Data records —
-------------------------
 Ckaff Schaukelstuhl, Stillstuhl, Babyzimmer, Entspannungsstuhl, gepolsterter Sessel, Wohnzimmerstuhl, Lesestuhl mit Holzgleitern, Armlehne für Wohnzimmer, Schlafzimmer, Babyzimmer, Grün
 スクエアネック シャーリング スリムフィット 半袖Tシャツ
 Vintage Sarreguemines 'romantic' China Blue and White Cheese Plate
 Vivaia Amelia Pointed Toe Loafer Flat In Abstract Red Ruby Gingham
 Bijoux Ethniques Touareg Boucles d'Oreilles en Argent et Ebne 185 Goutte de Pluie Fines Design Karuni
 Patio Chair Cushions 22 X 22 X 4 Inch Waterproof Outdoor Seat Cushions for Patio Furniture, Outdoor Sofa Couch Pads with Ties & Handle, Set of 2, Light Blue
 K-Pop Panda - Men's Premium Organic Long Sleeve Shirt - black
-------------------------
Task objective —
Please print the whole of the material verbatim.

Answer for this exercise —
 Ckaff Schaukelstuhl, Stillstuhl, Babyzimmer, Entspannungsstuhl, gepolsterter Sessel, Wohnzimmerstuhl, Lesestuhl mit Holzgleitern, Armlehne für Wohnzimmer, Schlafzimmer, Babyzimmer, Grün
 スクエアネック シャーリング スリムフィット 半袖Tシャツ
 Vintage Sarreguemines 'romantic' China Blue and White Cheese Plate
 Vivaia Amelia Pointed Toe Loafer Flat In Abstract Red Ruby Gingham
 Bijoux Ethniques Touareg Boucles d'Oreilles en Argent et Ebne 185 Goutte de Pluie Fines Design Karuni
 Patio Chair Cushions 22 X 22 X 4 Inch Waterproof Outdoor Seat Cushions for Patio Furniture, Outdoor Sofa Couch Pads with Ties & Handle, Set of 2, Light Blue
 K-Pop Panda - Men's Premium Organic Long Sleeve Shirt - black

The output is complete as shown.